Do you dread your birthday? Do you count the years by counting the wrinkles on your face or the age spots on your hands? Do you feel as if you don’t look anything like your high school yearbook picture? Do you feel depressed because there are more years behind you than ahead of you?
There is an easy solution to growing old, and here it is: find a way to feel great about each second, each minute, each hour, each day–EVERY day. Now that said, of course all the common sense things apply: be good to your body, mind and soul.
- For the body: do some moderate exercise each week, and choose your own method. Eat as healthfully as possible, and drink lots of water (especially during the hot days).
- For the mind: keep it active and sharp. Learn a new language, take up a new hobby, start a blog, keep a journal, read, write, take photos, travel, observe wildlife, and try to learn something new every day.
- For the soul: appreciate all that is around you. Look, really look and let what you see sink into your whole being. Watch the sunrises and sunsets, drink in everything around you, take the time to listen with all your heart to those around you, breathe deeply and fully, and keep an attitude of gratitude.
- For body, mind and soul together: meditate. It’s easier than you would think, too. Sit or lie down, uncross your arms and legs, and close your eyes. Your mind will want to wander, so you may decide to focus on something; a flower, a gem, a land or seascape, or whatever works for you. You can also concentrate on relaxing your body, starting with your feet. You can say in your mind, “feet, relax,” and so on until you have relaxed your whole body. When your mind wanders, gently pull it back to center, much like tugging the string of a kite that is wandering too far away. You can meditate for five minutes, a half-hour, or whatever suits you. This will refresh your body, mind and soul.
I recently attained my Reiki second level, and learned to repeat this each morning to start my day:
“Just for today, I will not be angry.
Just for today, I will not worry.
Just for today, I will be grateful.
Just for today, I will do my work honestly.
Just for today, I will be kind to every living thing.”
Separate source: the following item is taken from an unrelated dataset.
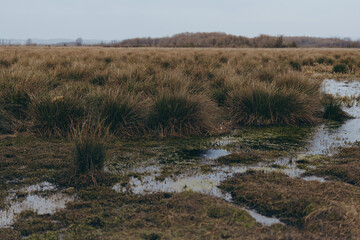 Wetland landscape with marsh grass and shallow water under cloudy sky. Natural habitat for wildlife, concept of ecology, environment, and conservation.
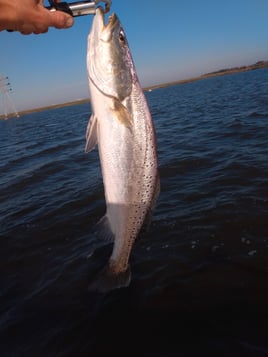 Texas City Wade Trip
Doing this makes fresh in my heart and mind what really matters. Trust me–I have a long memory of things in the past that have hurt me and challenged my peace of mind. But I learned the hard way not to let them haunt me. As the very popular song from “Frozen” says, “Let it go/Let it go!” Instead I’ve chosen to replace bad thoughts and memories with good ones. Here are a few of my own:
- My mom and day – in their 80s they are still vital, happy, healthy, strong, and have great attitudes and spirits
- My husband (the Crankee Yankee) – quite simply, the love of my life and my best friend
- My relatives, especially my favorite uncle – a loving, sweet, funny and kind presence in my life and my heart
- My fantastic friends, old and new, who bring light and laughter and love to my life each day
- My relatives who have gone on before me and left a sound path for me to walk on
- My two amazing step-daughters who have brought me such joy and happiness
- My incredible granddaughter, 3-year old Ava, who is the light of my life, and the keeper of my heart
- My wonderful sons-in-law who are truly my family by means of love and respect
- My three cats, who bring me joy and happiness each day
Now, lest you think that I am some kind of perfectly calm, all-forgiving *Buddha-esque person, well–forget that. The things I’ve mentioned thus far are what I TRY to be and do each day. And most days I fall right on my face. Age has brought me some perspective, true, but I still react childishly to a lot of things. I have re-discovered the great joy of throwing things when I get angry over something incredibly dumb. (At least I have the presence of mind not to pick up anything I value or that would make an awful mess.) The last item to suffer my wrath was the roll of plastic wrap that stubbornly would NOT come off the roll in one piece or, when I finally wrested a swath of it off the roll, would NOT stick to a damn thing. That got summarily kicked all around the kitchen, all the way downstairs to the basement, and all around the basement until it landed in a full litterbox. (Don’t tell the Crankee Yankee, but I threw it out and bought a new one.)
So, back to those dreaded birthdays, age spots and wrinkles. Think of them this way: they are medals of honor of a life lived well. They are a testament that we are not the young and callow youngsters we used to be; that we have grown and changed, gone through life challenges and survived them, that we have had families and achieved much in life–that we have become who we are meant to be. I choose each day to look in the mirror and say, “Hiya, Gorgeous!” You’d be amazed at the cumulative positive effect of just doing this one simple thing. I don’t kid myself that I look 20 anymore, I now have quite a bit of “salt” in my hair, and my smile lines are deeply embedded in my face. The last time I went to the dentist, he informed me that I had no cavities. I was very happy about this, and he said drily, ‘well, you have more crowns and bridges, that’s why.’ Pooh to him. I’m still happy.
So since we can’t turn back the clock, let’s choose to look forward and embrace who we are, including what we look like right NOW. Live long, live well, and live FABULOUSLY!
*One of my favorite jokes is this one: Buddha goes to a hot dog stand and the owner says, “Hiya, Buddha–what’ll you have?” Buddha smiles at him and replies, “Make me one with everything.” (Get it?)